But then Fishman immediately contradicts herself, as she begins discussing the challenges facing the “movement”. She asks what is happening to denominational Judaism, and says that she sees independent minyanim as a commitment drain, attracting the young people who in another historical period would have become the “elite” of the Conservative and Reform movements. How can both this and the preceding paragraph be true? I think the preceding paragraph is more on the mark, and the denominational movements were wrong to take us for granted.

Another challenge she mentions is communities becoming cliques: there are many stories about people who showed up at independent minyanim, weren’t greeted, and were not made to feel they were part of what was going on. I would respond that this is not unique to independent minyanim, but can characterize Jewish communities of all shapes and sizes. It’s something for all Jewish communities to work on (while avoiding the whiff of desperation associated with being too friendly to newcomers).

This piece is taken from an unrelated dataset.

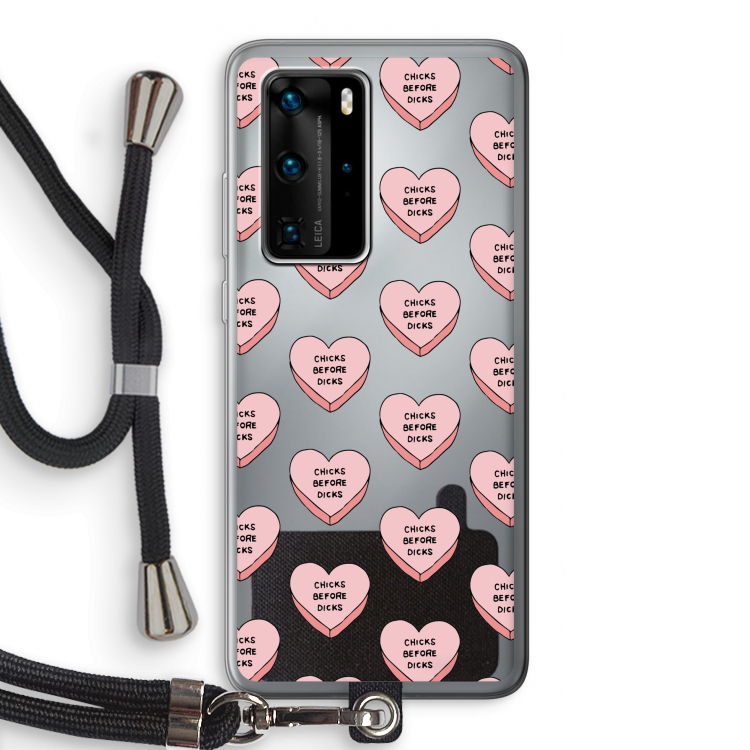 Chicks before dicks: Huawei P40 Pro Transparant Hoesje met koord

The last challenge she discusses is the “rhetoric of disdain for conventional Judaism and conventional Jewish leaders”, and says that conventional Jewish leaders deal with lived Judaism through times such as childbearing, illness, and end-of-life issues.

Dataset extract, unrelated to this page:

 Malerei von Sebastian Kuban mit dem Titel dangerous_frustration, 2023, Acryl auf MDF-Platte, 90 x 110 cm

Rabbi Green shared some stories about the founding of Havurat Shalom in 1968. He ran into Abbie Hoffman, who invited him to go stir up trouble at the Democratic Convention in Chicago, but he said he couldn’t, he was busy with this new Jewish thing (which didn’t have a name yet). Initially they were thinking about calling it “Kehilat Kodesh”, until Rabbi Dick Israel z”l said “That’s the most pretentious thing I’ve ever heard”.

Green talked mostly about rabbinic leadership (which was also the topic of another conference session which I haven’t listed to). In the old days, he and his cohort didn’t believe in earning a living as a rabbi, and looked to Rabbi Yochanan haSandlar (the shoemaker) as a model. But he left Havurat Shalom (which had been more or less a full-time job for him) in 1973 because he couldn’t afford to stay. So he’s still been thinking about the role of rabbis, especially now that he’s training rabbis. He says that most non-Orthodox rabbis are there to reach out to the Jewish periphery, to keep people from falling off, and bring people at the edges to a greater interest in Jewish life. But at the same time, the “elites” reject that model and would rather be in do-it-yourself minyanim/havurot without rabbinic leadership. So he asked if there can be a balance. The role of rabbis in these communities has been the subject of an acrimonious conversation here at Jewschool.

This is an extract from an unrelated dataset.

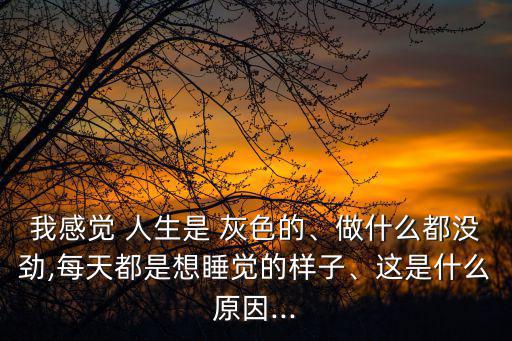 我感覺 人生是 灰色的、做什么都沒勁,每天都是想睡覺的樣子、這是什么原因...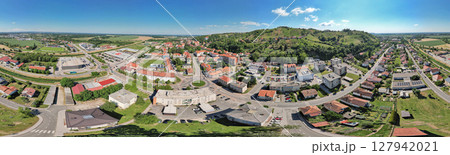Aerial panoramic view town rolling hills countryside. Slovenia, Lendava. 127942021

I have to say that I don’t find Green’s arguments in favor of rabbinic leadership to be very convincing. I think there are more compelling arguments out there, such as the one that Fishman refers to: we need structures in place to deal with unanticipated emergencies, such as serious illness and death. We can do DIY weddings and bar/bat mitzvahs just fine, but funerals would be unrealistic.

Green refers first to the personal pain of rabbis “who feel rejected by the kind of Jews they’d like to be part of.” He says that his students ask “Am I going to wind up being rabbi of a synagogue I’d never join if I weren’t its rabbi? Can’t I be rabbi of a community I’d like to be part of, and be part of it at the same time?”. I would respond that that’s no reason for communities that have previously gone without rabbinic leadership to get a rabbi. If a community is going to have a rabbi, it should be because the rabbi meets a communal need, not because the community meets the rabbi’s personal need.

Green then tells a parable from his Havurat Shalom days. In those days, you had to apply to join, and a “serious young man” with all the right qualifications but an obnoxious personality applied for membership and was rejected twice. Green says that this was like a fraternity blackball, and feels that he failed by not saying that they couldn’t reject this person. If he had been the rabbi of the group, he could have said “This is a principled stand we have to take; we’re not just here to have fun,” but he didn’t feel that he could do that, because he was just one of the group, which didn’t believe in professional leadership. Green thinks that this demonstrated the need for a rabbi, someone who can combine chesed and din and can say “This is not about me; this is not about my needs” and can make sure that the community lives up to its values.

I don’t think this issue is really about the presence or absence of a rabbi. First of all, most newer independent minyanim avoid the specific issue from this anecdote by not having selective membership, and often not having membership at all, so this situation would never come up. Of course, there are other times when the community’s inclusive values come into tension with other concerns. But it doesn’t seem self-evident to me that rabbis are more likely than other people to stand up for these values. On the contrary, if a rabbi is brought in from the outside (the way rabbinic employment typically works), then the rabbi may be less in sync with the community’s values than are those who founded the community on those values. There is an argument here in favor of having a leadership structure that isn’t completely flat, and having some designated people whose role it is to make sure the community lives up to its values, but the job title that goes with this role isn’t necessarily “rabbi” — it might be “president”, or “gabbai”, or “steering committee”. It doesn’t take a rabbinic education or a salary to give someone a sense of responsibility for their community. I have been involved in internal discussions for a number of communities without rabbinic leadership, and these discussions often explicitly hinge on the community’s values.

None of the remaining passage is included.